アトミック・ブロンド

Ost: Atomic Blondeベルリンの壁崩壊直前の東西ドイツで、女スパイが暴れまわる。
とにかく強い!
しかし華麗に戦うのではなく、1発殴られたら2発殴り返す式の肉弾戦なので、彼女もボロボロになりながら戦う。
そして音楽がいい!
80年代のポップスが映像と見事にハマり、否応なく盛り上がる。

ベルリンの壁崩壊直前の東ドイツで、西側スパイの名簿が盗まれる。
この名簿を奪取するために派遣されたのが、イギリスの女スパイ・ローレンである。

映画が始まってすぐに、ローレンの入浴シーンがある。
ローレンが氷風呂に浸かるエロチックなシーンなのだが、全身アザだらけで、何があったのか心配になってしまう。

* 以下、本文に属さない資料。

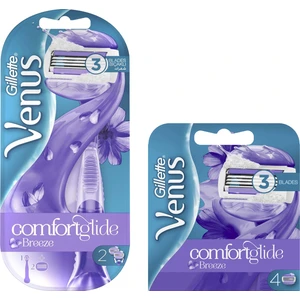 Gillette Venus Gillette Venüs Breeze Kadın Tıraş Makinesi + 2 Adet Yedek Başlık + Gillette Venus Breeze 4'lü Yedek Kadın Tıraş Bıçağı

映画は、ローレンが事件の顛末をイギリス情報局の幹部に報告する形で進行する。
観客はローレンが2重スパイかもしれない、と疑いながら観ることになるので、スパイ映画としては007よりもドキドキする。
そして、見事なオチが待っている。
このオチでは、続編は難しいかもしれない。

アクションシーンがカッコいい。
彼女は手近にあるもの(例えば自分のハイヒール)を武器に、泥臭く戦う。
銃ではないので、相手もなかなか死なず、壮絶な肉弾戦が続く。

80年代のポップスが、見事に映像とマッチしている。
ドイツなので当然ネーナは使われているし、デビット・ボーイ、クィーン、ニューオーダーなどの懐かしい音楽が効果的に使われている。

見事な21世紀型スパイ映画だった。